**Work task**
Copy out the lines beginning at the one with "LAKE SUPERIOR Minnesota" and ending at the last line of the data, both included; pictures stay out.
---------- Records supplied ----------
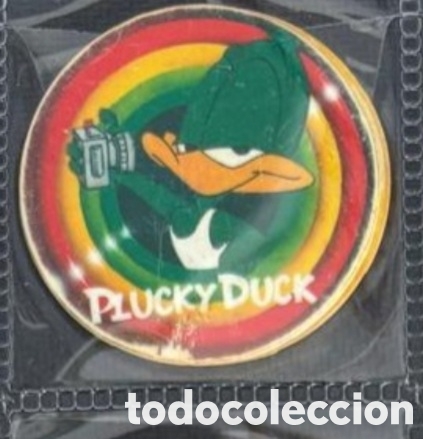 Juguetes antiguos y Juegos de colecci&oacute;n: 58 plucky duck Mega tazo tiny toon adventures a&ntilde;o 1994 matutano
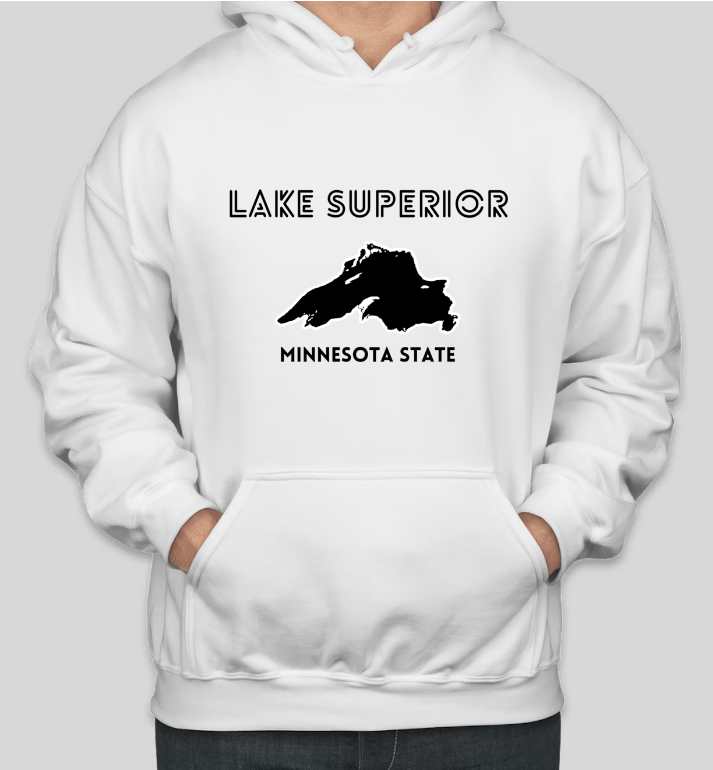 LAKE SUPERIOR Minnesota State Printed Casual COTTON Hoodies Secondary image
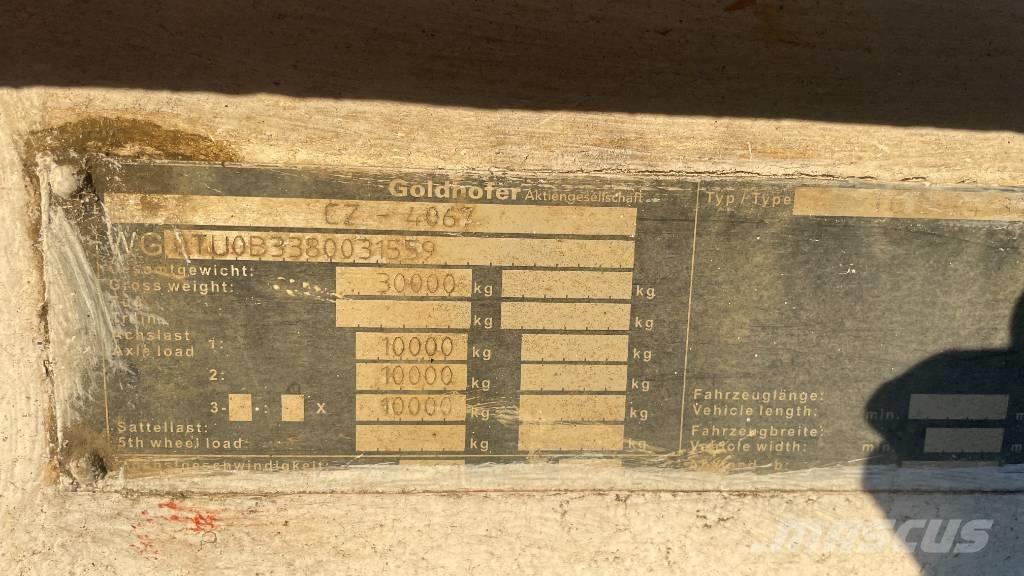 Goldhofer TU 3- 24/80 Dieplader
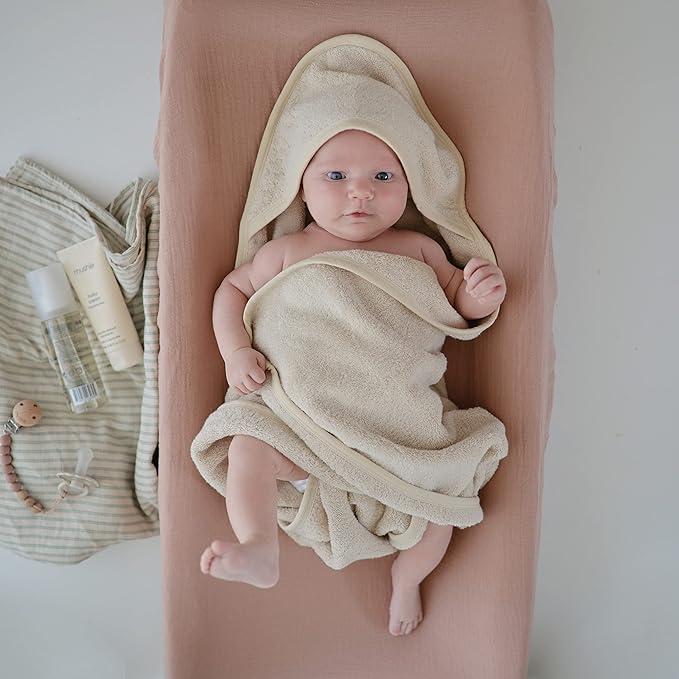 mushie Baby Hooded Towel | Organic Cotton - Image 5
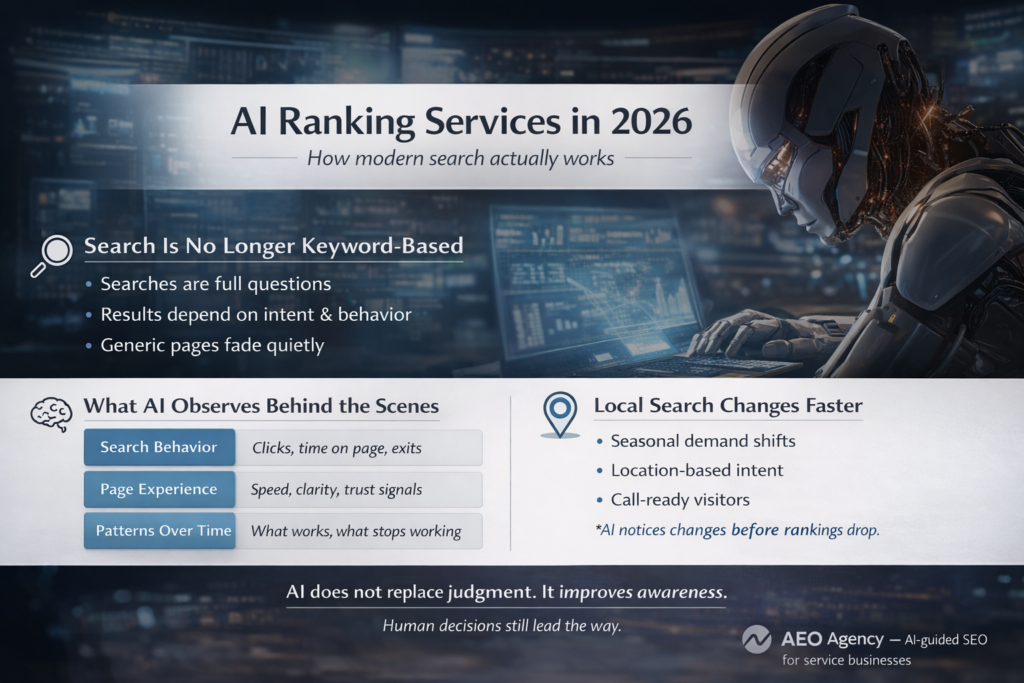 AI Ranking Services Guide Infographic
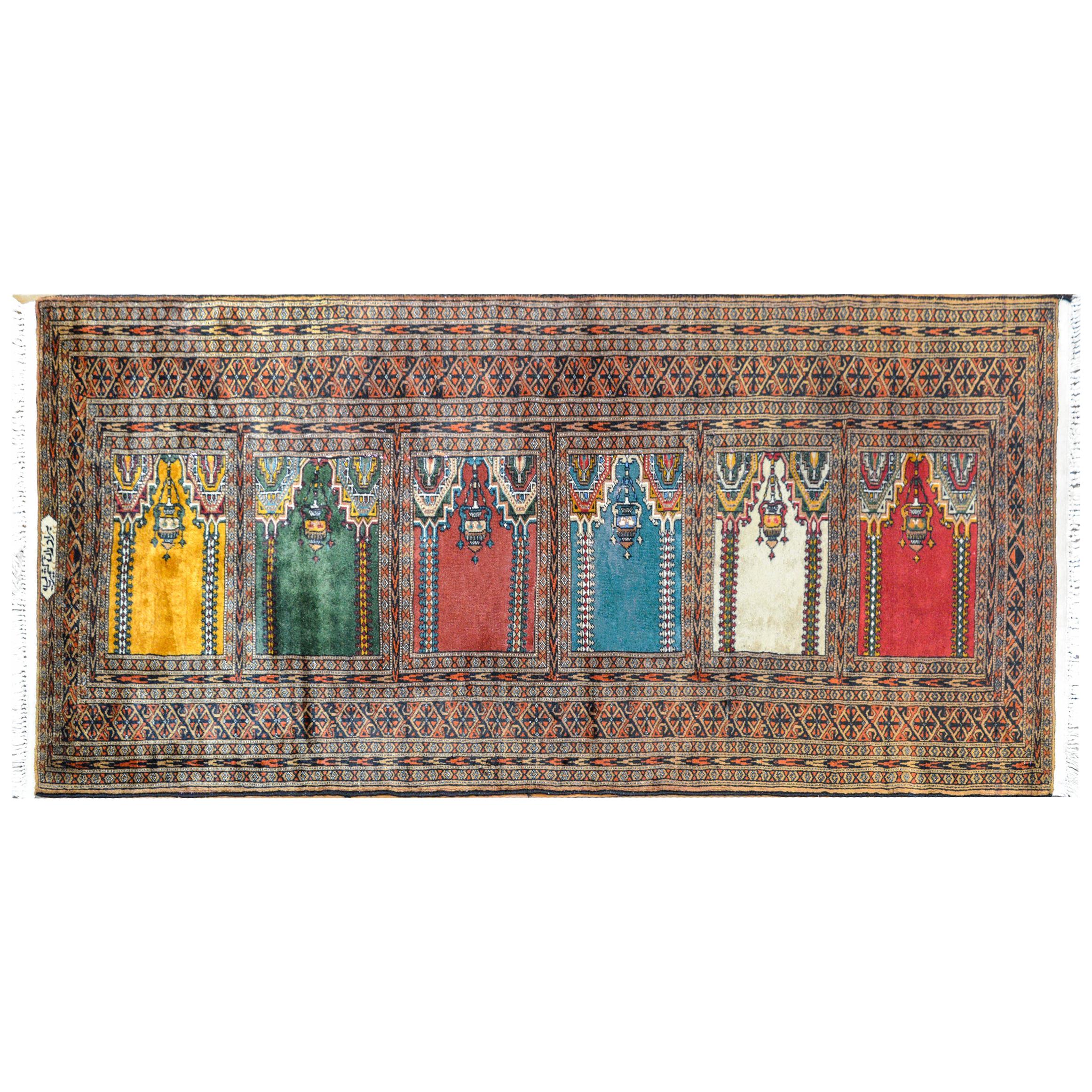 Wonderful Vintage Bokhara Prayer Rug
----------
**Answer to this exercise**
 LAKE SUPERIOR Minnesota State Printed Casual COTTON Hoodies Secondary image
 Goldhofer TU 3- 24/80 Dieplader
 mushie Baby Hooded Towel | Organic Cotton - Image 5
 AI Ranking Services Guide Infographic
 Wonderful Vintage Bokhara Prayer Rug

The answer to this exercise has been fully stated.